A couple walking on a North Carolina beach made a rare discovery that could help researchers solve mysteries from long ago.
Rita and Tom McCabe were used to finding shells during their walks on West Onslow Beach in the 1970s — but then they started stumbling upon large bones. After years of keeping the remains in their garage, the couple gave them to the University of North Carolina Wilmington.
It turns out, the bones belonged to a whale species extinct for about 300 years.
“We grew very excited because there was very little scientific information on the North Atlantic gray whale population because it was no longer here,” David Webster, a longtime professor and senior associate dean for the College of Arts and Sciences at UNCW, said in a news release.
The whale specimen — believed to be the “most complete” of its kind — found a new home at UNCW, where it remained for decades.
Now officials say the bones began a new chapter at the Smithsonian in late 2021.
Webster said he thinks the couple, who have both since died, would find joy in knowing their collection could continue to help researchers.
“I’m sure they are just tickled pink,” he said in the news release. “They are probably saying, “Can you believe it? We made it big time.”
The Smithsonian said it hopes the donated specimen will help offer clues about North Atlantic gray whales and what life was like hundreds of years ago.
“Specimens like these, tie to place and time,” Nicholas Pyenson, curator of fossil marine mammals at the National Museum of Natural History, said in a Smithsonian Ocean article. “They tell us how the world once was.”
The museum will have the bones on display, according to UNCW. But getting the massive load more than 300 miles from North Carolina to Washington, D.C., was no easy feat.
The bones were loaded onto a van that “looked more like a minibus” and were cushioned with “layers and layers of bubble wrap,” David Bohaska, a vertebrate paleontology collections specialist, told Smithsonian Ocean.
The journey was reminiscent of the time the couple first dropped the bones off at UNCW.
“They drove a small Chevy S10 pickup truck to campus, and they had bones hanging out all over the place,” Webster said in the news release for the school, which today has about 18,000 students.
After initially thinking the specimen was a humpback whale, researchers said closer examination revealed a more rare surprise. The bones have stains that helped them determine where the animal may have been.

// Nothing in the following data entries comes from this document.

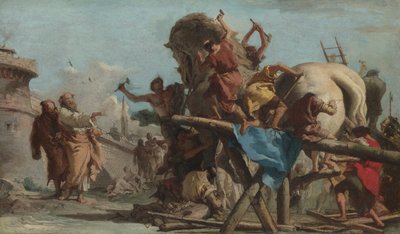 The Building of the Trojan Horse by Giandomenico (1727 1804) Tiepolo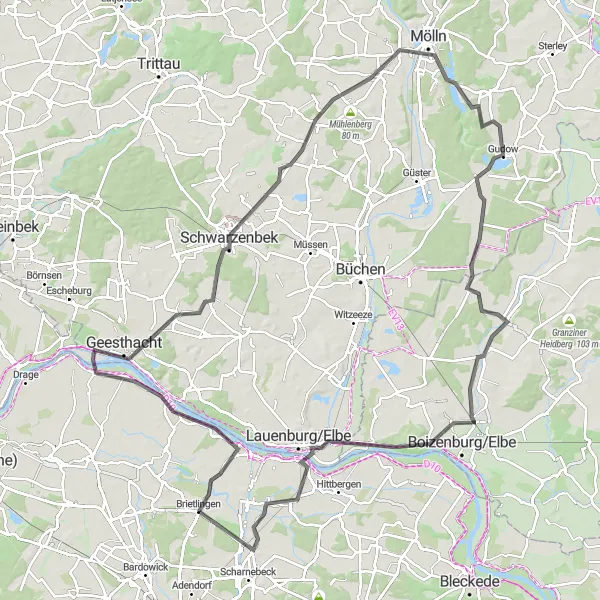 Map miniature of "Historical Landmarks Road Tour" cycling inspiration in Lüneburg, Germany. Generated by Tarmacs.app cycling route planner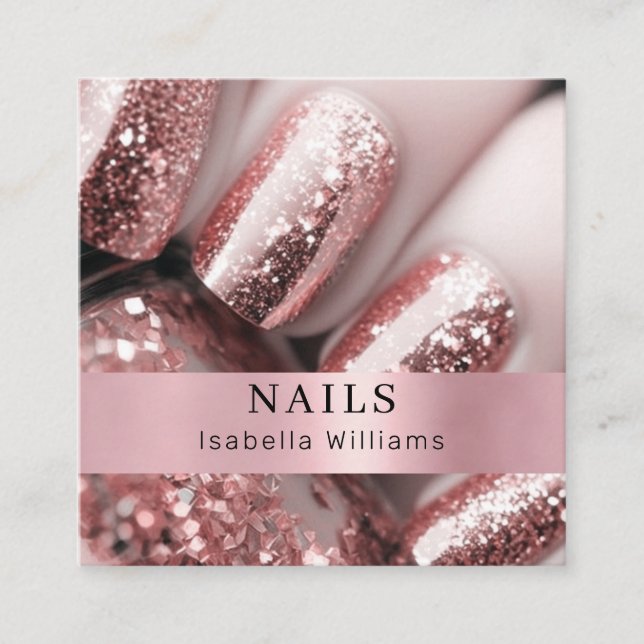 Modern salon rosegold glitter nails square business card (Front)
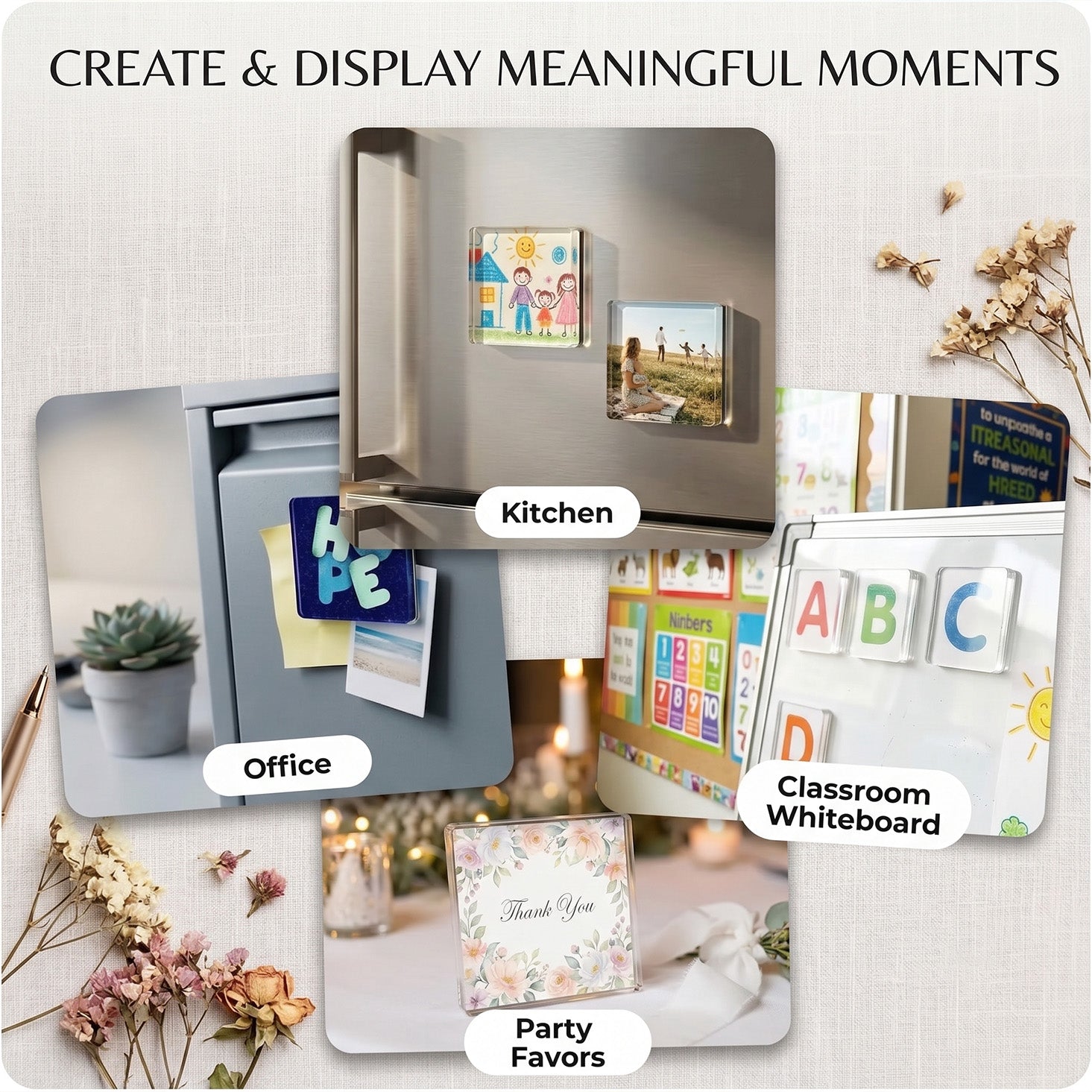 Magnetische Kühlschrank-Fotorahmen | Glasklares Acryl | DIY-Set ohne Kleber | MemoMagnet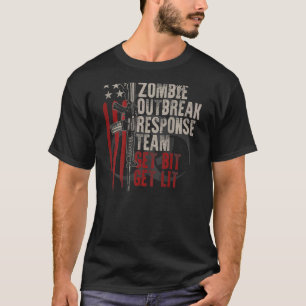 Usa Flag Zombie Outbreak Response Team Get Bit On T-Shirt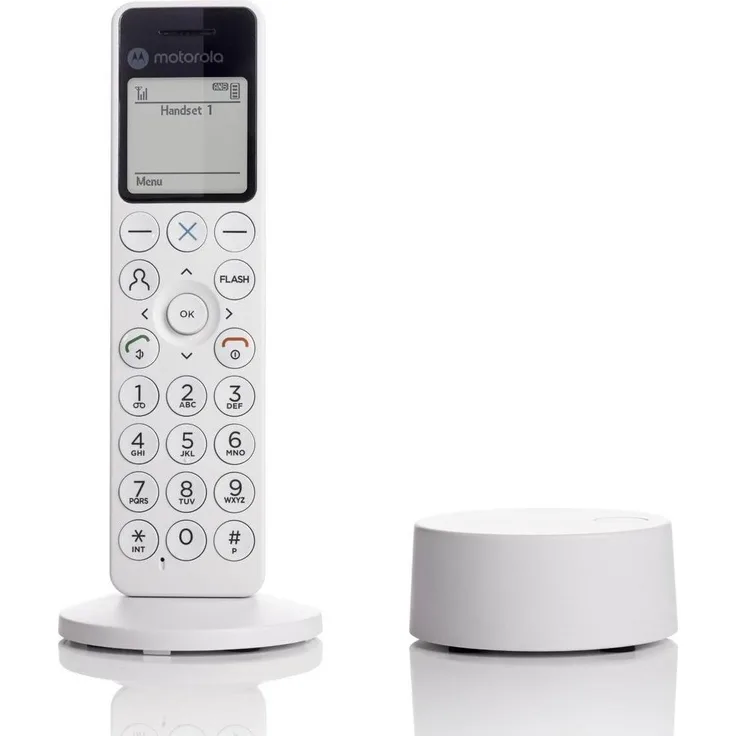 Motorola Dot411 schnurloses Digitaltelefon mit Anrufbeantworter, 4,06-cm-Display, 100 Min. Aufnahme, 200 Kontakte, bis 20 Std. Gesprächszeit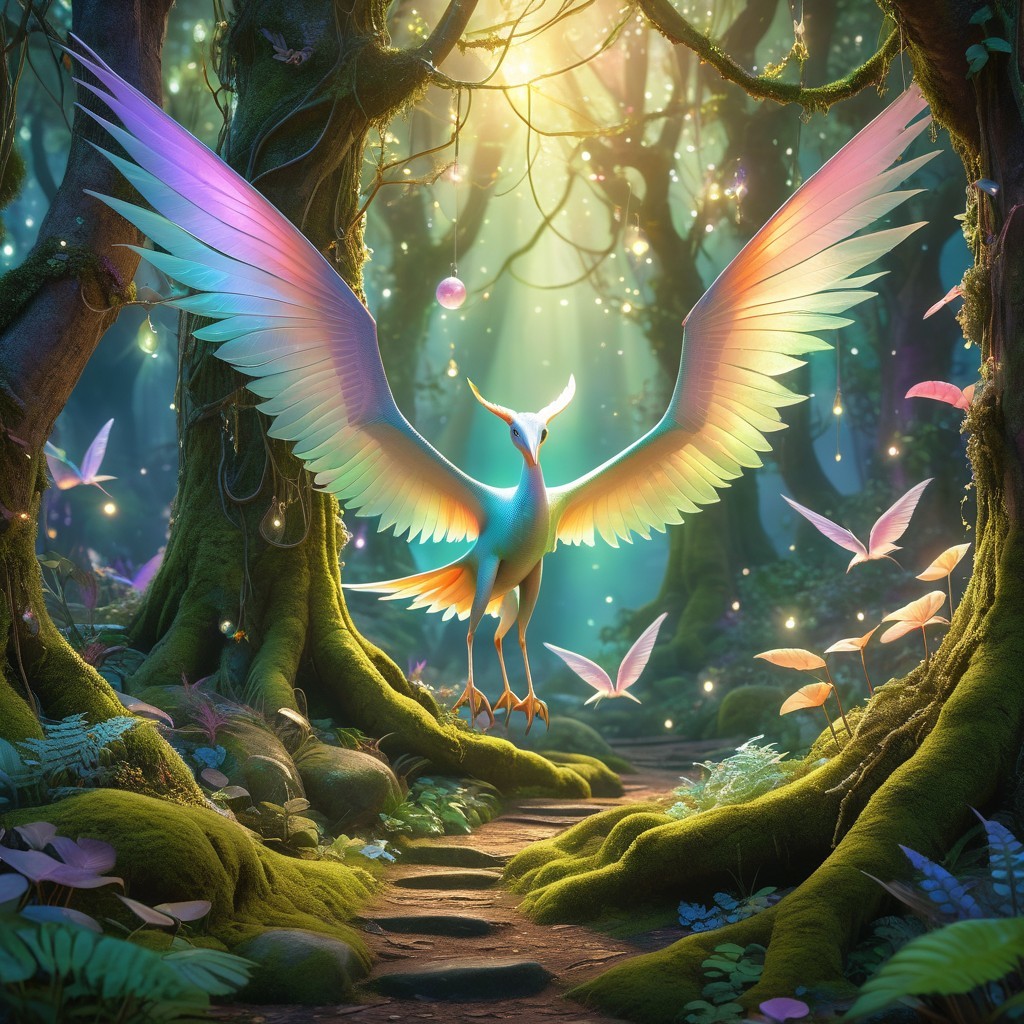 Rainbow-colored bird in a mystical forest setting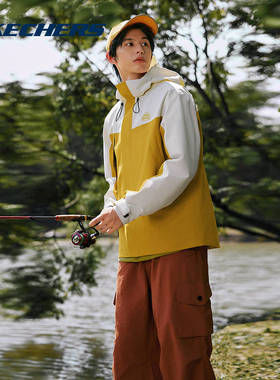 Skechers斯凯奇秋季男款户外运动上衣登山徒步外套 L424M140-02ZL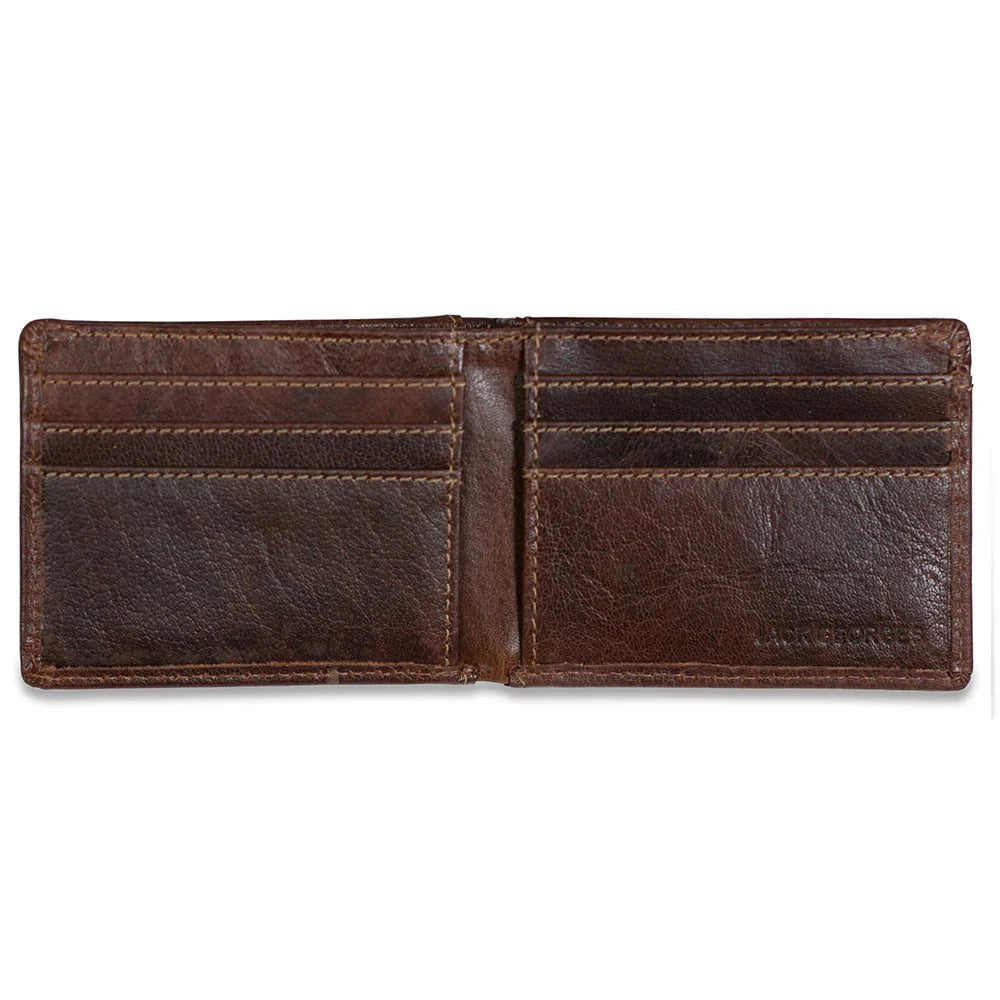 Jack Georges Voyager Slim Bifold Wallet - Genuine Leather RFID Blocking Minimalist Wallet for Men - Perfect for Everyday Carry, Travel & Business Use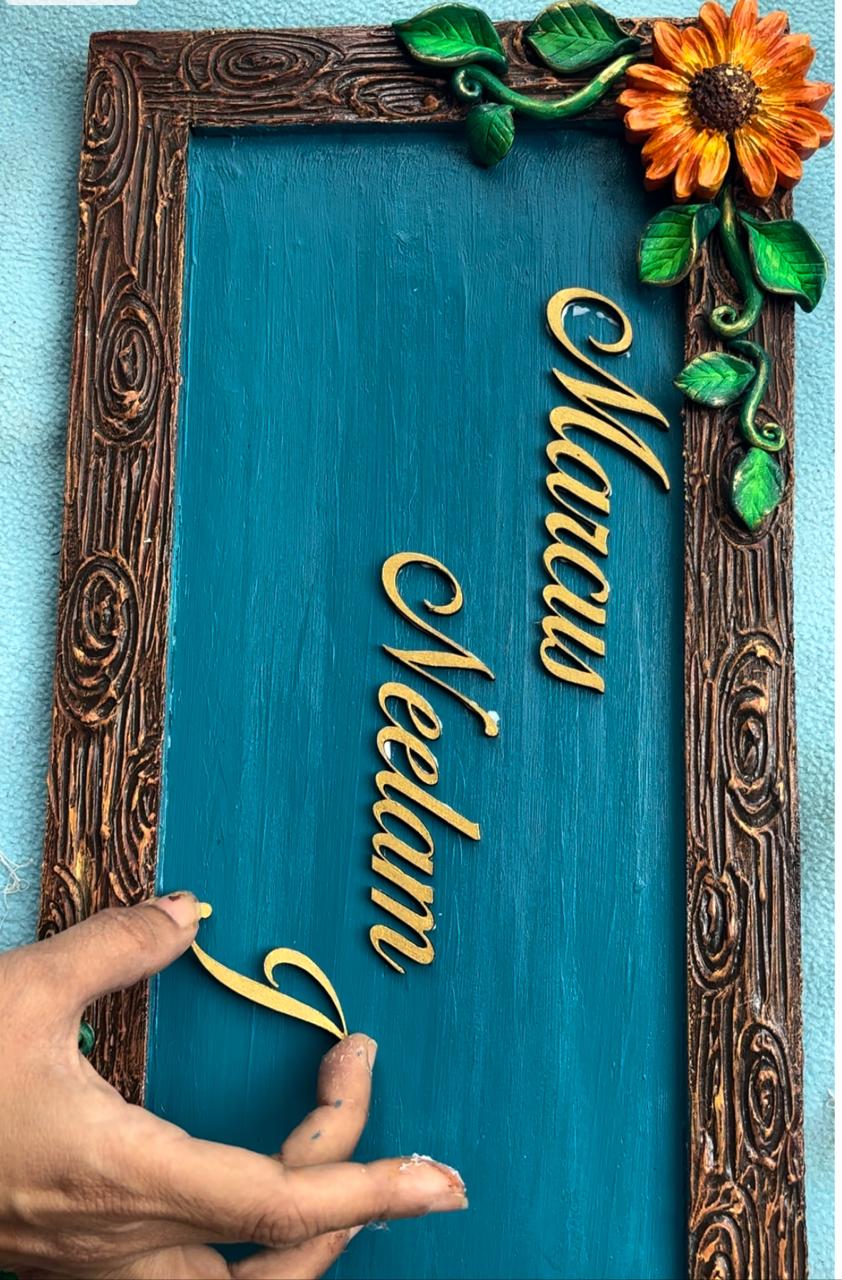 Blossom on Wood Nameplate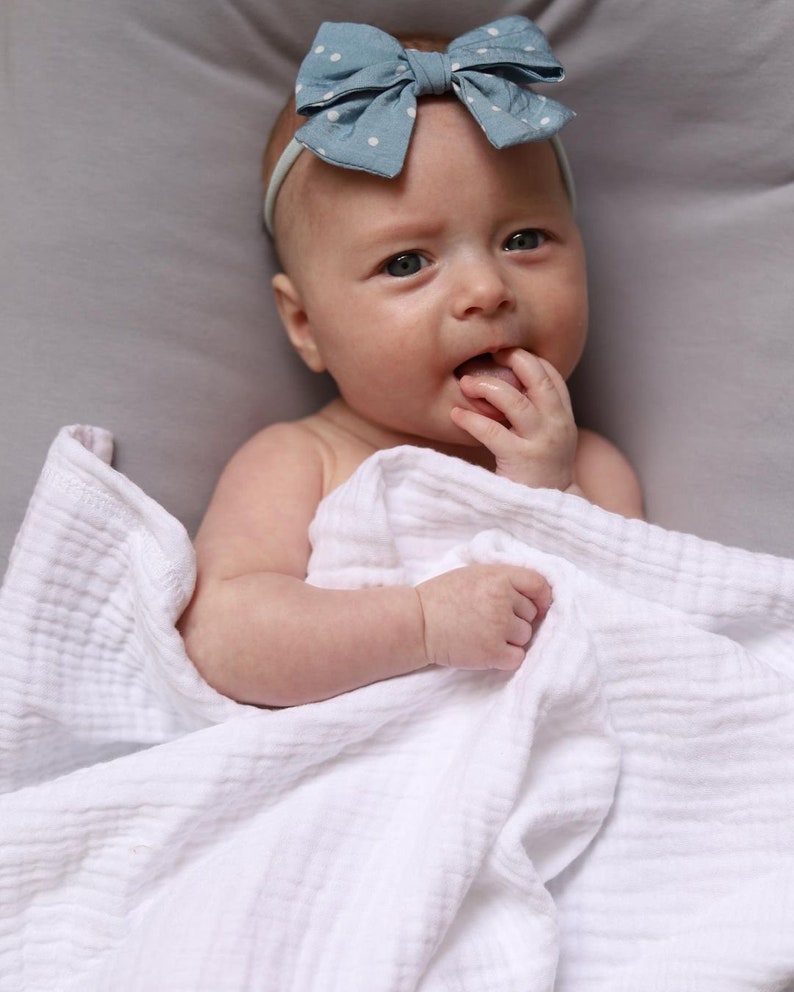 Soft Muslin Baby Blanket for Crib, Bassinet or Stroller, Breathable Lightweight Cotton Swaddle Throw, Neutral White Newborn Shower Gift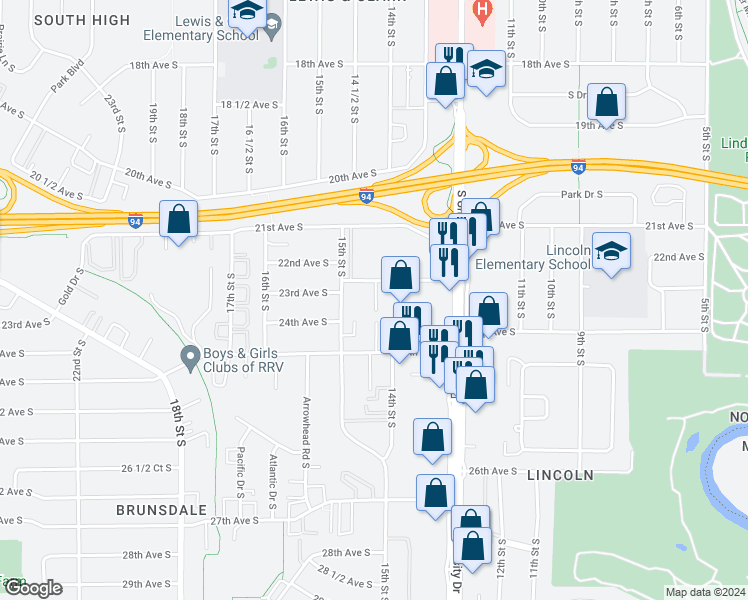 map of restaurants, bars, coffee shops, grocery stores, and more near 2310 15th Street South in Fargo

“UNCW researchers discovered through radiocarbon tests that the bones are hundreds of years old and probably washed ashore after the young whale died of natural causes during a migration period,” the college said. “They theorize that the carcass floated into the New River Inlet and ended up in the nearby salt marshes.”
The remains, found along West Onslow Beach near the Camp Lejeune military base, also have marks that indicate Native Americans may have butchered the whale after it died, UNCW professor David La Vere said in the news release.
North Atlantic gray whales weighed up to 90,000 pounds and were found in the northern part of the world before they were last seen in the 1700s. Though the exact cause of their extinction isn’t known, their habitats near the shore made them vulnerable to whaling, the Smithsonian Ocean website said.